We were at the Museum of Death, one in about a dozen “must see” attractions I’d staked out for my spring vacation. We had visited two separate cemeteries to see the graves of a slew of celebrities: Peter Finch, a few Ramones, Rodney Dangerfield, Natalie Wood, Ray Bradbury, Dean Martin. We took a self-guided driving tour of famous murder sites: the condo where Nicole Simpson was stabbed, the Encino home where Phil Hartman was shot, the lot, the house long ago torn down, where the Manson family committed the brutal murders of Sharon Tate and her houseguests. I felt an occasional shuddering of guilt at my bloodlust tourism. I would remember how Sharon Tate’s sister ran into Trent Reznor of Nine Inch Nails and asked him, point blank, why he was exploiting Sharon’s death by living and recording albums in the home where she was killed. This would remind me how the California-themed bloodshed that’s somehow prematurely faded into the folkloric realm of American consciousness is connected to very real people who’d likely rather not have personal tragedies gawked at by overeager Midwestern tourists. Such thoughts, however, did not weigh on my conscious too terribly long. Maybe it was the often-lamented brand of detachment that comes from being a millennial, how the constant bombardment of violent imagery allows one to slowly disengage and become less and less sensitive to what we consume. However, I imagine the explanation is both simpler and far less cynical. I was just on vacation and, at the time, thinking was not so much a priority.

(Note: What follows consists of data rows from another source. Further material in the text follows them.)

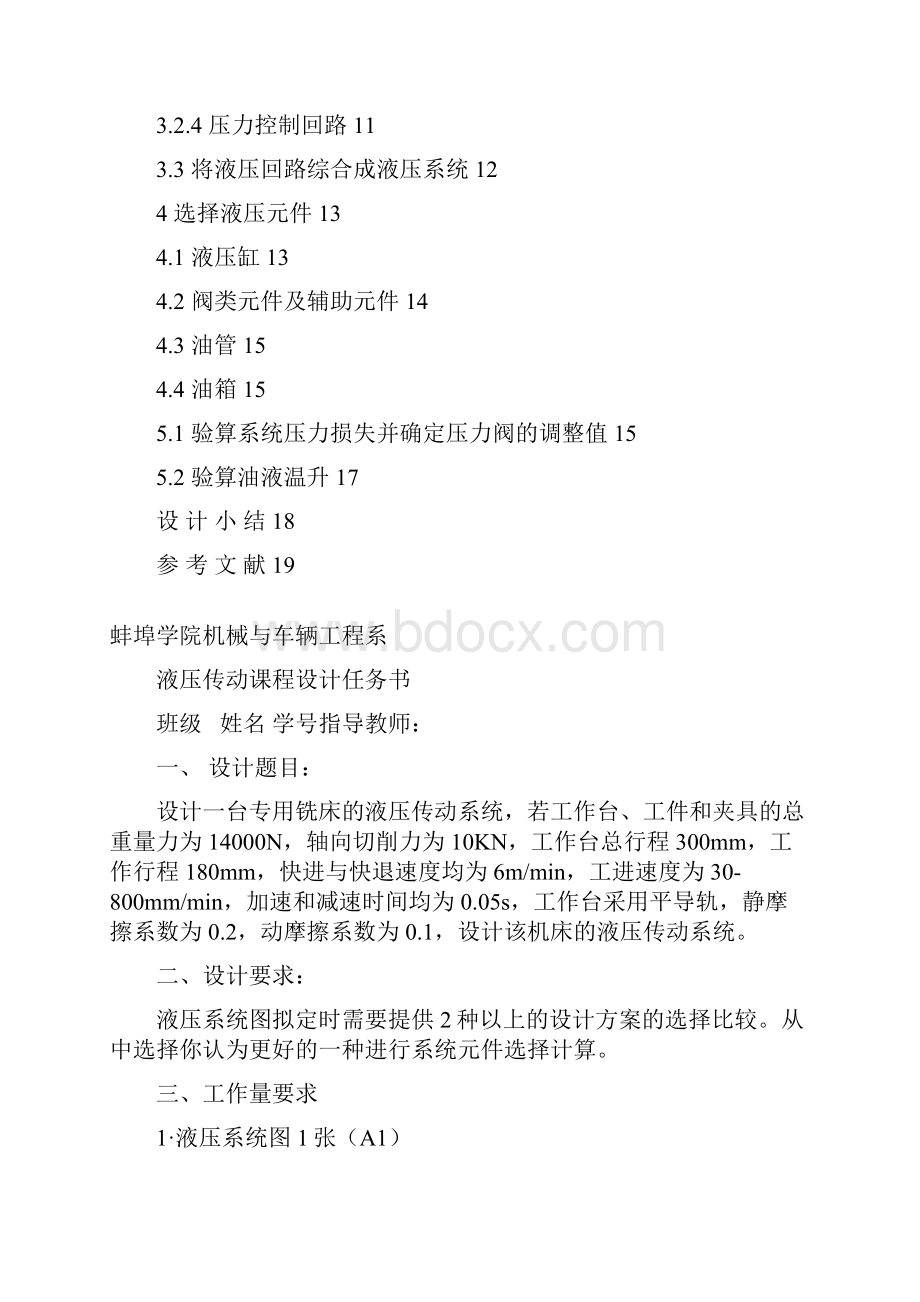 专用铣床的液压系统设计.docx_第2页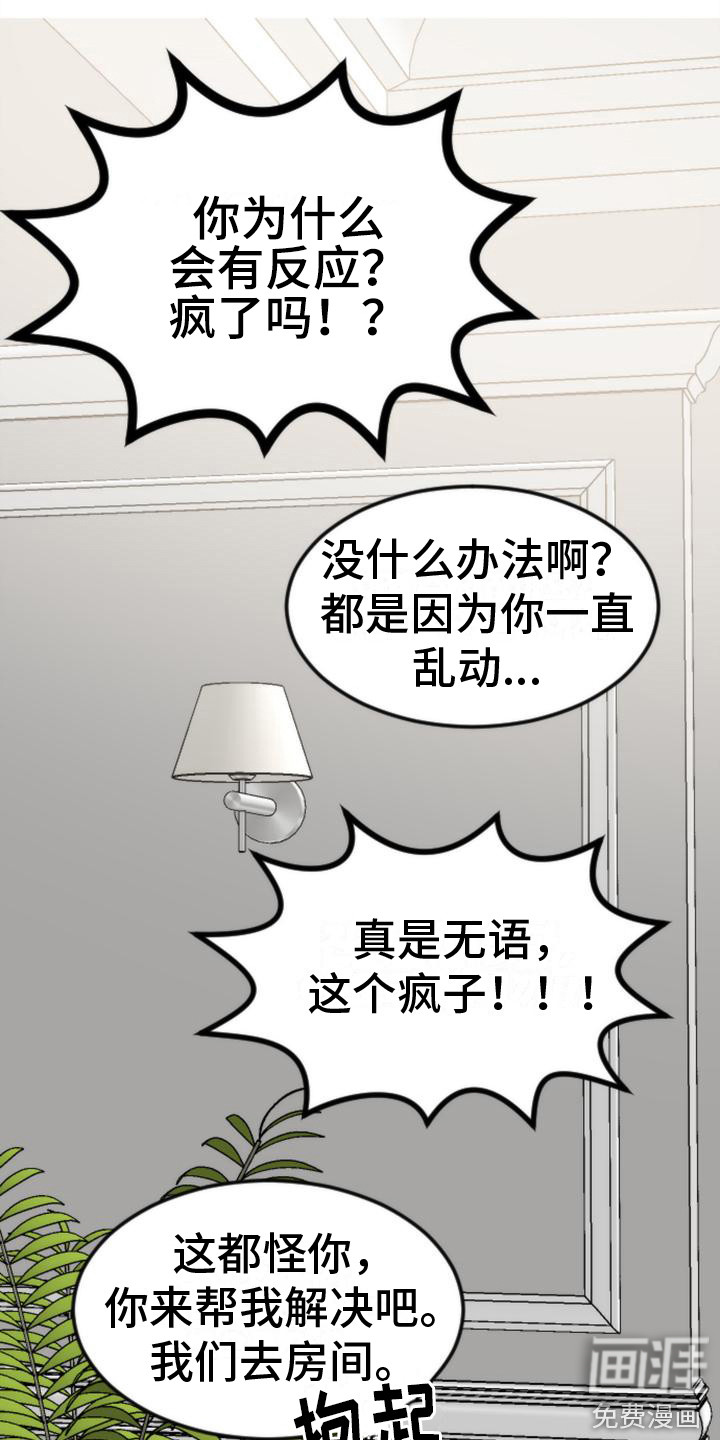 第20话5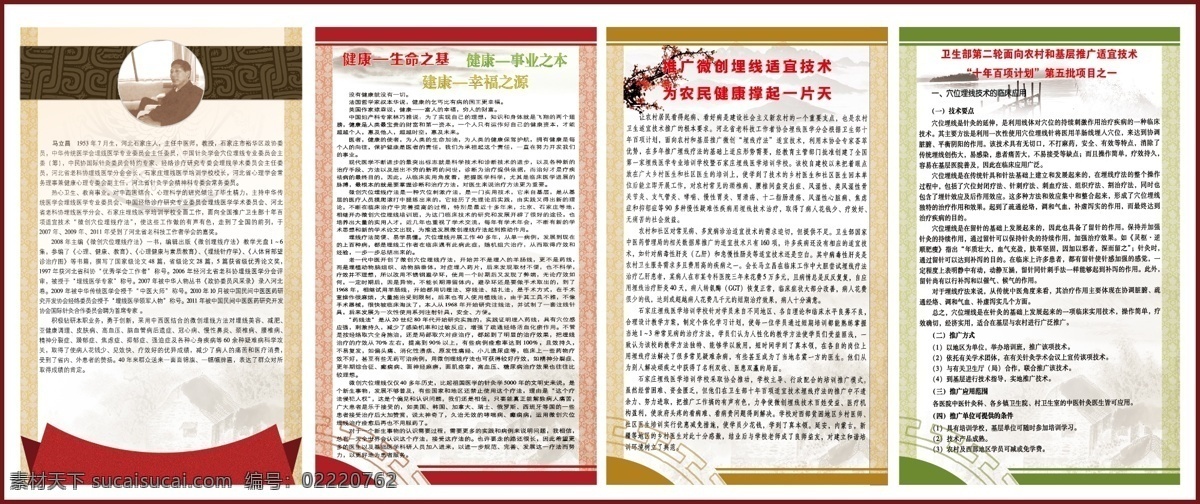 背景 房子 分层素材 广告 广告设计模板 花纹 画册 健康 医学 海报 线条 宣传栏 建康 展板psd 展板模板 源文件 海报背景图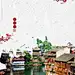 白色中国风湖南凤凰古城旅游 高清背景 背景 设计图片 免费下载 页面网页 平面电商 创意素材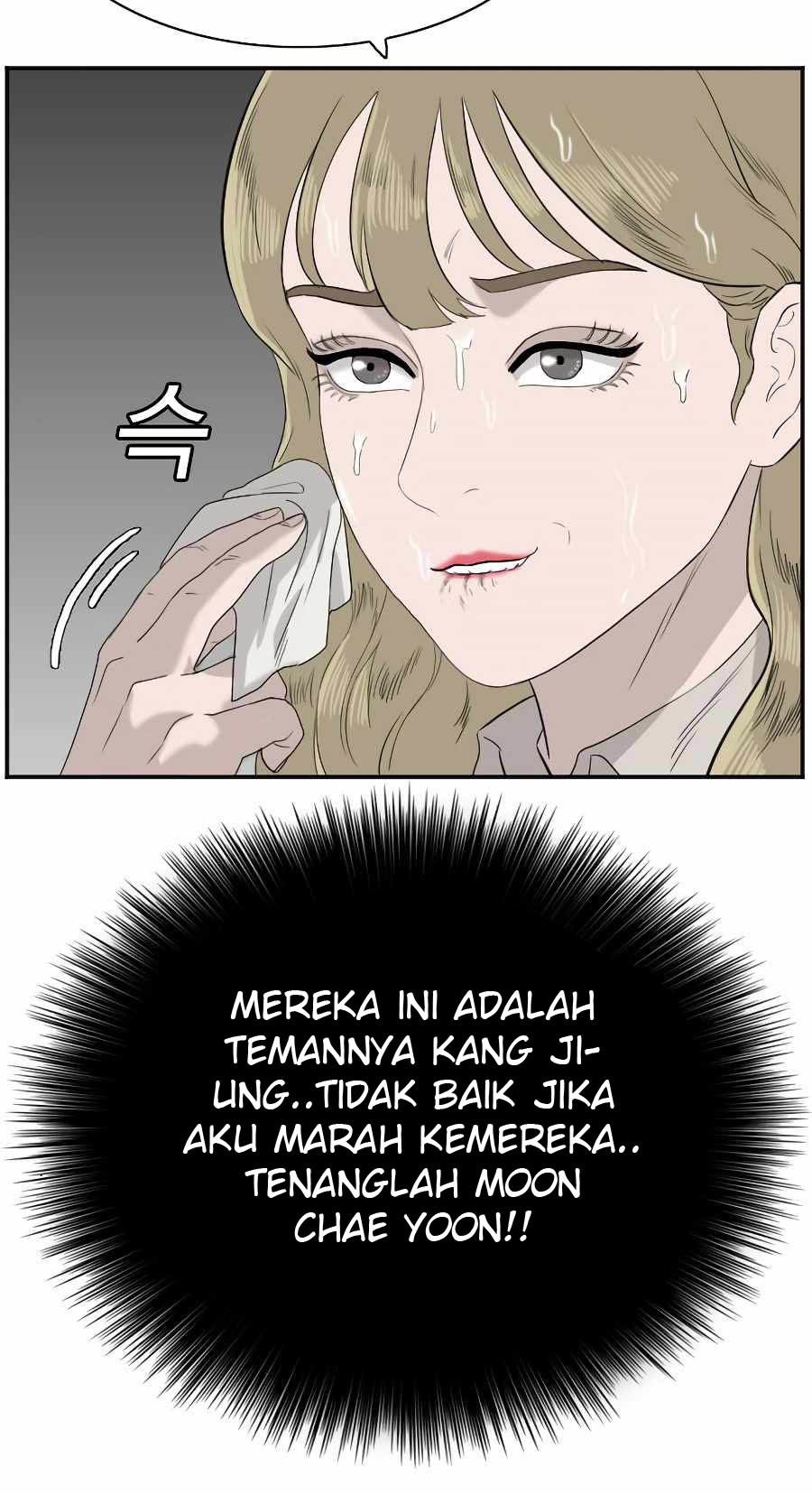 A Bad Person Chapter 71 Gambar 60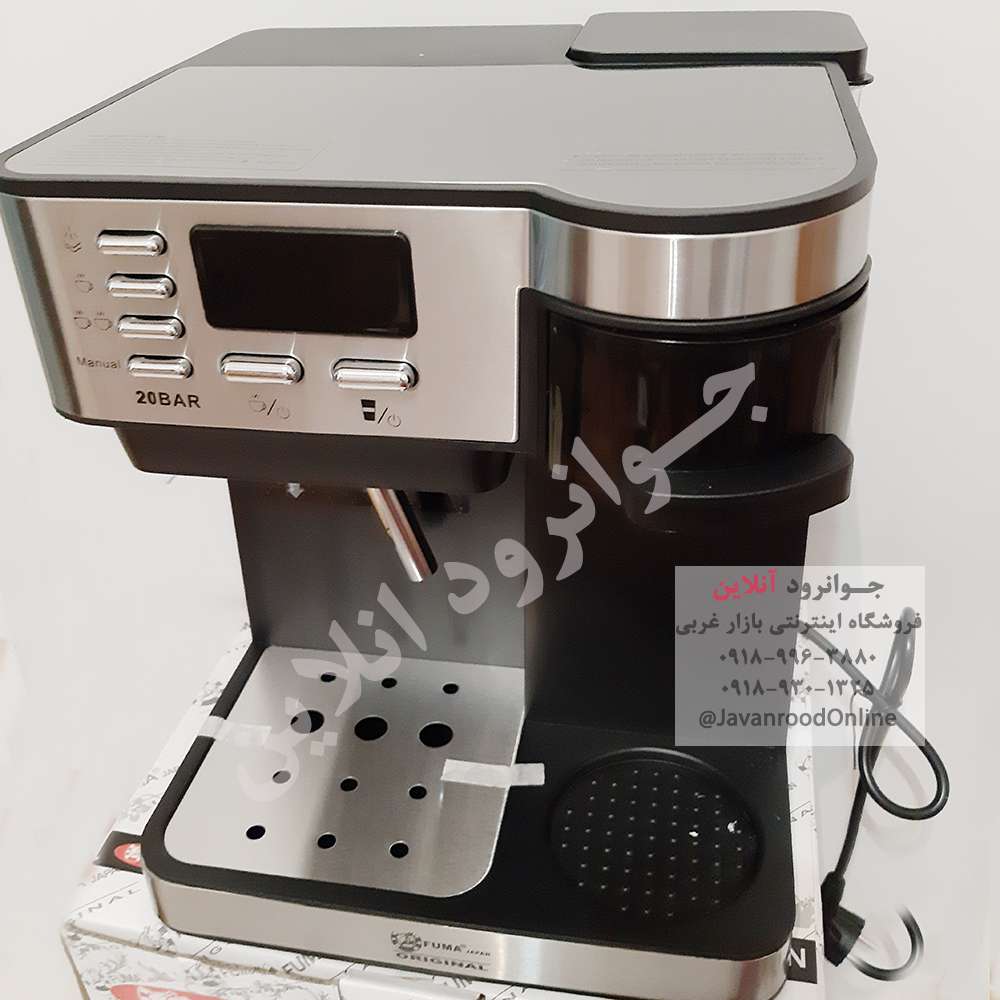 اسپرسوساز فوما 20 بار مدل Fu-1799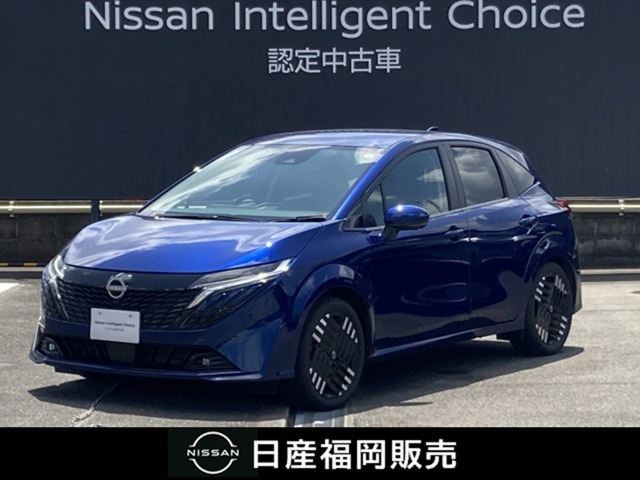 ノートオーラ1.2 G レザーエディション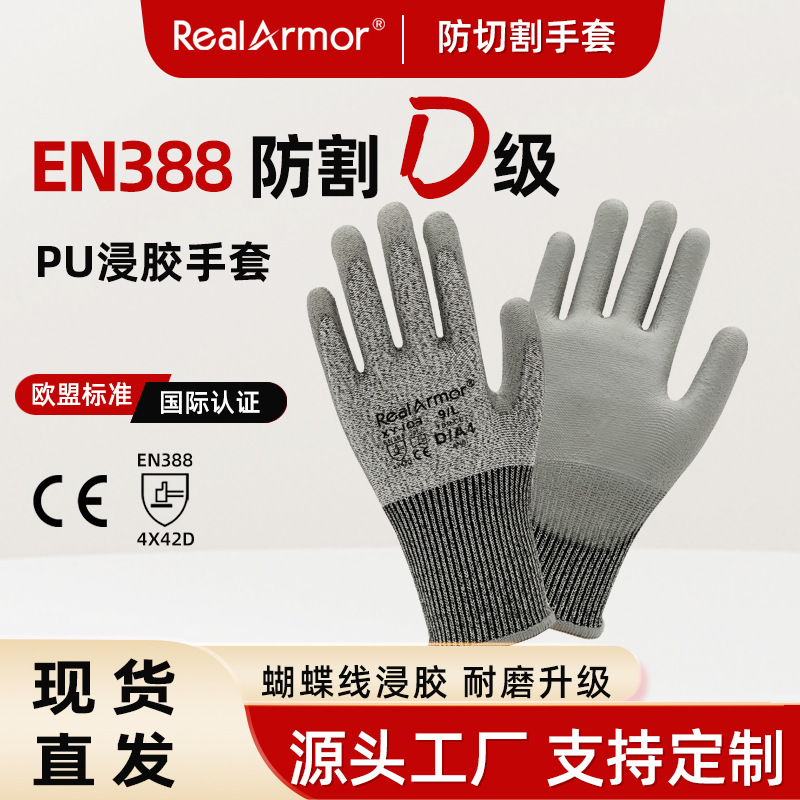 Guantes de protección con certificación CE EN388, resistentes a cortes de nivel 5, material HPPE con recubrimiento de PU, resistentes al desgaste, antideslizantes, nivel D de resistencia a cortes.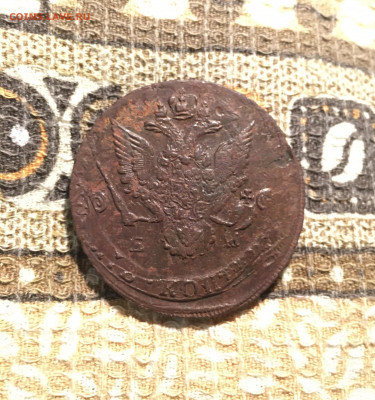 5 копеек 1788 ем, оценка - 84896FBB-AEC6-456E-807E-9C9EACD3DEE1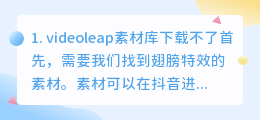 videoleap素材(videoleap素材库下载不了)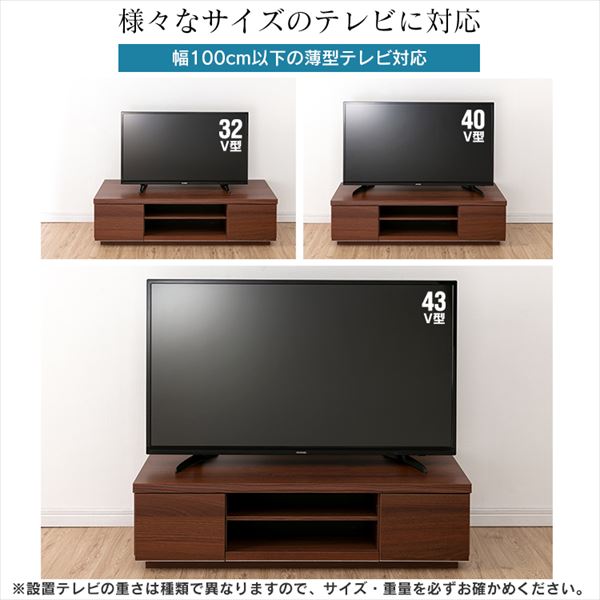 テレビボード100cm(WH)　レンタル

I did not feel anything during what Carrie and I came to refer to as the LA Death Tour of 2014. There were no truly profound realizations about humanity, mortality, or an individual’s capacity for violence. One cannot force such realizations. They tend to come when we least expect and are triggered by the most innocuous moments.

That is perhaps the greatest folly of a place like the Museum of Death. You cannot force it. When one goes in expecting to be confronted by the overwhelming fact of mortality one has already, before crossing the threshold, unconsciously built up a certain whose-afraid-of-the-big-bad-wolf swagger to ward off a very public panic attack. The inclination then becomes to laugh, rather than stare agape with terror, in the face of death.

I think we were all secretly grateful for the baby. He restored the authentic sense of outrage and horror missing from our museum experience.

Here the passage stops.